*ASSIGNED TASK*. Give back exactly the lines of the data below, starting with the line that has "or hidden: the" and going on through the line that has "Gelukkige pi-dag met".

*DATA EXTRACTS*.
<<<<
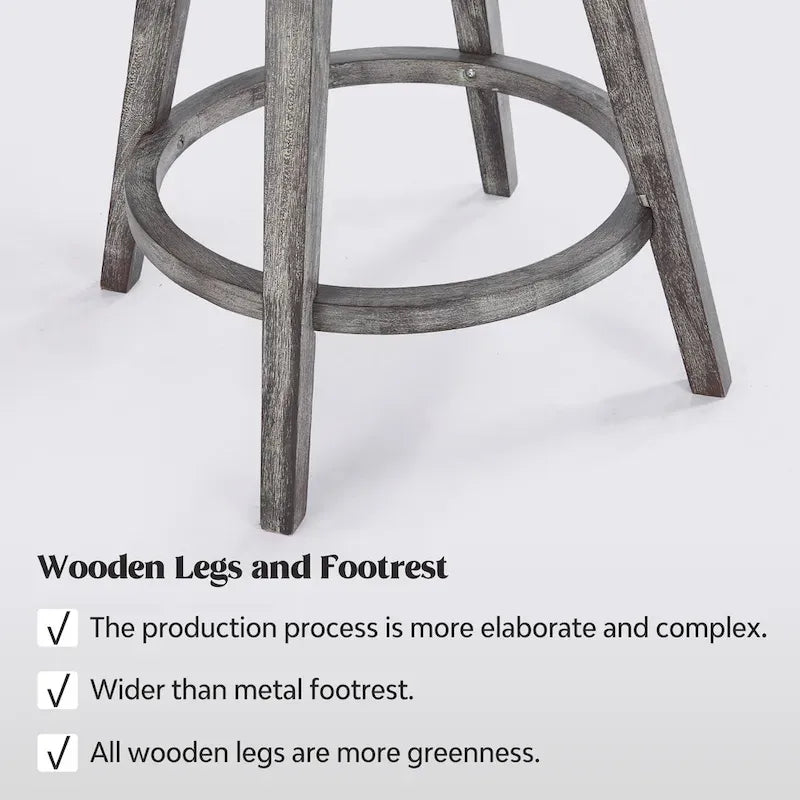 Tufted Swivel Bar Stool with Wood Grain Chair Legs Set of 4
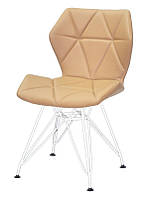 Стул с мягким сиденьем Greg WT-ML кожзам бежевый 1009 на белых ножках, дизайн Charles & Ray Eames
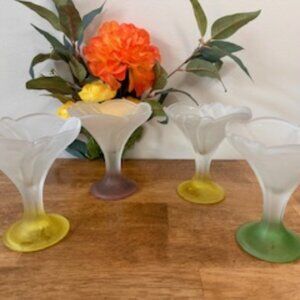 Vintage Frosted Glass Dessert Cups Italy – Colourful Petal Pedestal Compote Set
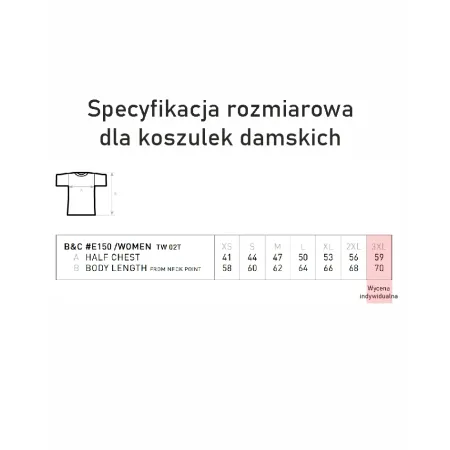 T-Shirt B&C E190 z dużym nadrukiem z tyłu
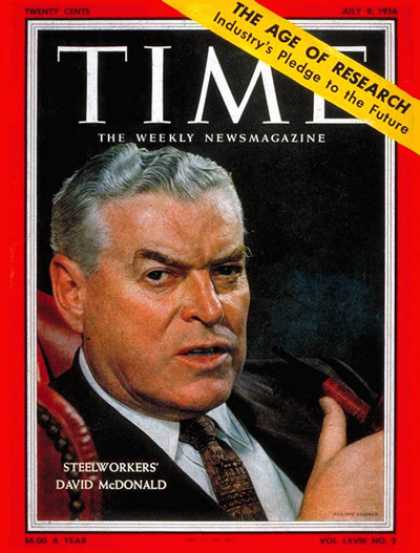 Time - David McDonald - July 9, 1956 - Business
>>>>
<<<<
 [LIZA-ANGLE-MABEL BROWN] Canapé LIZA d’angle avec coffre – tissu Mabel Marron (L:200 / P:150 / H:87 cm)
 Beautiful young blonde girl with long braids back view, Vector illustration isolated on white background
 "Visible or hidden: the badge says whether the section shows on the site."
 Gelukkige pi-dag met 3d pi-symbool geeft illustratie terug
>>>>
*RESPONSE BELOW*.
 "Visible or hidden: the badge says whether the section shows on the site."
 Gelukkige pi-dag met 3d pi-symbool geeft illustratie terug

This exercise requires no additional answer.